Johana observa la ventana: las estrellas iluminan la calle,
pero no su alma. En el vidrio habita el reflejo hecho estampa de la mesa sin
sus seis manteles; sólo permanece un mantel, un plato, un vaso, una cuchara y
la pieza se reduce a un alma. Johana observa aún más el vidrio, aparece una
anciana en el destello de la ventana, una anciana vestida de plata; es ella, es
Johana que nota su piel de cartón y cómo se carcome por dentro a través de su
transparente tez. Johana baja la mirada y le regala a Dios un suspiro hecho
pedazos.
Un tambor suena en el cielo, se celebra la vida; fuegos
artificiales y balazos palpitan sin cesar. Es media noche, no un mediodía, no
es aquel momento de felicidad fugaz que deshidrata la tristeza de Johana. Hoy
es 31 de diciembre, los demás celebran la vida junto a sus seres queridos;
Johana festeja el duelo de vivir unos años más, completamente sola y ausente de
amor.
Se recarga en la barra de granito de la cocina y sin dejar
de observar la lluvia y los fuegos artificiales, invoca el viaje que hizo al
Valle de Hunza, un pequeño paraíso escondido entre la inmensidad del Himalaya.
Viaje que realizó sola, a la edad de cincuenta y tres años en busca de
historias para su segundo libro. Johana distingue en su mente el contraste de
la tierra árida y verde, los deliciosos albaricoques y su acercamiento con la
tribu. Hombres y mujeres que aunque
estaban cerca de China y Pakistán, tenían rasgos físicos como europeos, como
caucásicos.
Los Hunza tienen descendencia directa
de Alejandro Magno y un tremendo paraíso con ríos helados. Johana celebró rituales de agua sagrada y pasó
largas noches haciendo el amor con el jefe de la tribu. ¡Maldita combinación
convertida en hechizo! Longevidad se le otorgó como regalo. En sus venas lleva
el linaje de Alejandro Magno. Desde que regresó de Hunza, ha visto cómo se han
desvanecido cada uno de sus seres amados.

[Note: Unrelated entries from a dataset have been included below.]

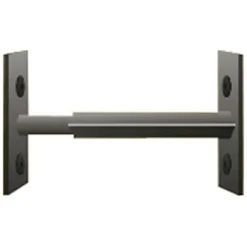 Barreau télescopique, de fenêtre, acier noir, , L.55 à 103 cm-Mottez Best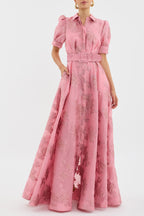 Alba | Vestido corto con mangas abullonadas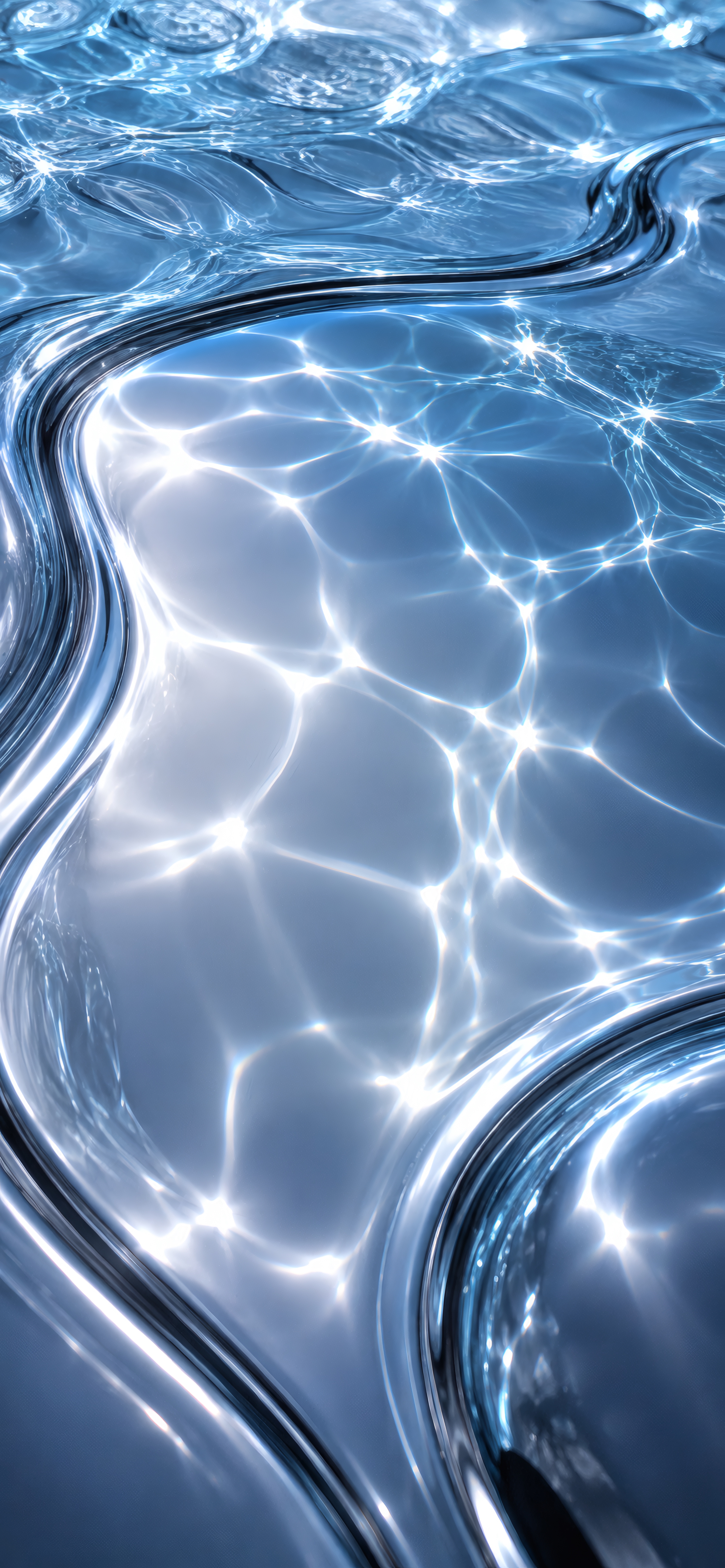 Shimmering Water Caustics wallpaper preview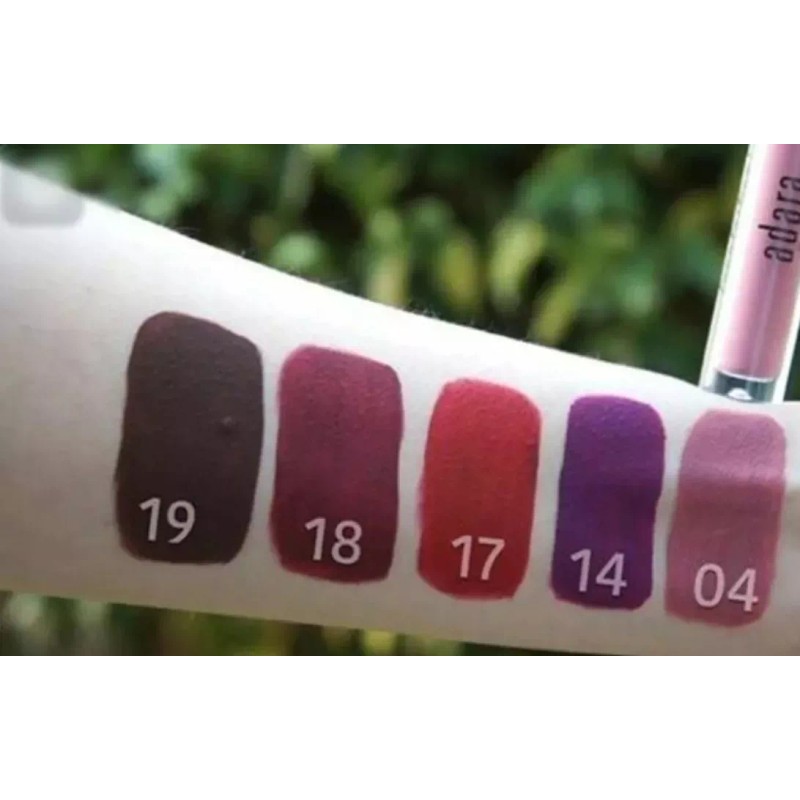Adara Paris Profesional 20 Labiales Matte Adara Larga Duracion/longlasting Liquid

En silencio y sin lágrimas, Johana observa la credenza de
madera situada junto a la mesa; desfile de portarretratos con caras alegres,
niños jugando, paseos en el campo, risas, bodas, navidades, bebés, cumpleaños y
al fondo; una foto escondida y amarillenta de su esposo, sus cuatro hijos y
ella comiendo pozole alrededor de la misma mesa a la que se sienta ahora.
El pozole está listo, Johana celebra con esta vianda su
maleficio. Ella aparenta ser un capullo, encapsulada en este mundo, obligada a
vivir. Envuelta en soledad y en túnica persa color plata, Johana toma el tazón
descarapelado y se sirve una pequeña porción de pozole. Quiere insultar este
nuevo año que ha llegado sin pedirlo. Un
visitante intruso que no la deja morir, que no la deja en paz y que se burla de
ella dos veces al año; uno en año nuevo y otro en su cumpleaños.
Johana no se ha quitado la vida, únicamente le queda la
resistencia y, aún espera ansiosa el fin de su larga humanidad.